# Nvidia 3D Vision Vs. Polarisierte Monitore



## Devoid (5. November 2010)

nabend leute,
will mir vor weihnachten noch passend zum neuen rechner ein 3d fähigen monitor zulegen.
Was sind die vor und nachteile beider alternativen?
einer is natürlich dass die brillen weit günstiger sind beim polarisierten monitor (zb ein zalman), das wäre sicher praktisch wenn ich mal mit freundin einen 3d film schauen will. aber geht das überhaupt vom winkel?
was würdet ihr nehmen? welche variante ist zukunftsträchtigen und macht vermutlich das rennen?treibersupport ist bei nvidia sicher besser, und spielunterstützung denke ich auch.
danke fürs feedback im vorraus


----------



## Docy (7. November 2010)

Ich red jetzt mal aus Erfahrung heraus: Ich hab den Samsung SyncMaster  2233RZ (bei HoH für 240 Euro, TopGerät, kann ich nur empfehlen) und das  nVidia-3D-Vision-Kit dazu.

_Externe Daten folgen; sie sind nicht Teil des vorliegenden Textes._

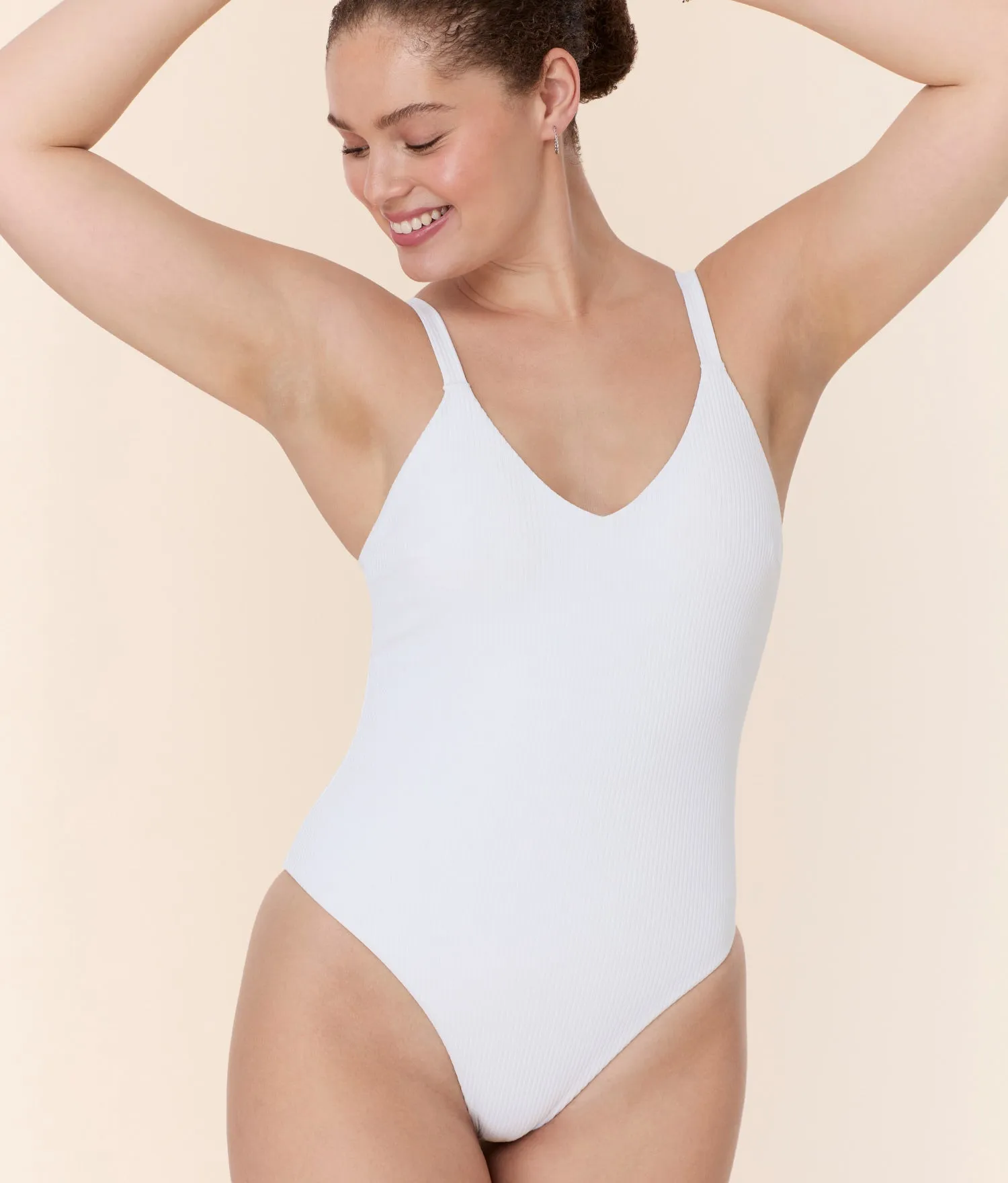 The Marco One Piece - Eco Ribbed - White - Long Torso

Vorteil: Die 120Hz merkt man auch deutlich im 2D-Betrieb, einfach nur  toll. Außerdem ist für uns Zocker kaum was anderes möglich als nVidia im  Moment, da alle 3D-Games auf nVidia ausgelegt werden (siehe Black Ops:  http://extreme.pcgameshardware.de/c...-polarized-chromadepth-colorcode-3d-tech.html).

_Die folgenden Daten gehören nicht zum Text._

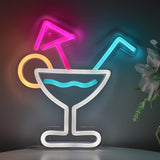 TONGER® Cocktails With Umbrella Wall LED Neon Sign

Vom Blickwinkel her hast du generell nicht viel Spielraum, mit der  Freundin nen Film gucken setzt das Eng-beieinander-hocken  voraus. 

Sry, hab keine Zeit länger zu schreiben, ich empfehl dir aber das 3D-Kit  mit dem SyncMaster 2233RZ (native Auflösung 1680x1050 - 22Zoll),  23Zoller oder gar noch größer lassen deine Graka nur schneller an ihre  Grenzen stoßen.

Meine GTX460 schafft mit 6GB RAM und nem i7 870 2,93GHz in BC2  unter 3D-Betrieb mit nativer Auflösung um die 30-40 FPS auf MediumSettings, in rechenarmen Gebieten wie Wüste 40-50, in Wald und Stadt 20-30. Da es aber besonders in hektischen Situationen schnell unter die 20 FPS kommen kann, zock ich 3D in BC2 auf LowSettings, da rutschen die FPS nie unter 40. Ich verschwätz mich gerade, aber vor allem bei 3D-Betrieb halbieren sich die Frames, die du sonst in 2D hättest. Die Graka berechnet ja 2 Bilder ineinander zu je 60Hz, deswegen auch sind die 120Hz beim Monitor nötig.
Z.B.: BC2 läuft in 2D ab 80 FPS aufwärts, 3D mit 40 FPS.
Von polarisierten Monitoren hab ich keine Ahnung, aber ordentliches Gaming-3D setzt auf nVidia. 


​


----------



## BigBubby (8. November 2010)

1.) Habt ihr euch schon mal Filme im Kino angesehen in 3D? (Nicht bei jedem wirkt es so toll. Bei manchen ist das gehirn auch damit überfordert. Bringt ja nichts, wenn du jetzt da ordentlich asche reinbretterst und dann kannst du es nicht nutzen)
2.) Gleiches mit der Shutterbrille. Auch da haben manche Leute probleme mit. Am besten mal bei bekannten oder sonst wo 1-2h testen (also eine Filmlänge mindestens)

Bei Polarisierten Monitoren musst du immer dran denken, dass die Auflösung halbiert wird (eine hälfte die eine polarisation die andere hälfte die andere). Also beim kauf drauf achten, dass sie auch ausreichend groß ist.
Bei Shutterbrillen wiederum brauchst du einen Monitor mit 120hz, damit jedes Auge 60hz abbekommt. Auch wird die helligkeit halbiert, also brauchst du einen kräftigen. (Jedes Auge bekommt ja die hälfte der Zeit schwarz und die hälfte Bild zu sehen).

Was besser gefällt/angenehmer ist, muss man selber entscheiden, deshalb punkt 1 und 2 beachten und daran entscheiden.


----------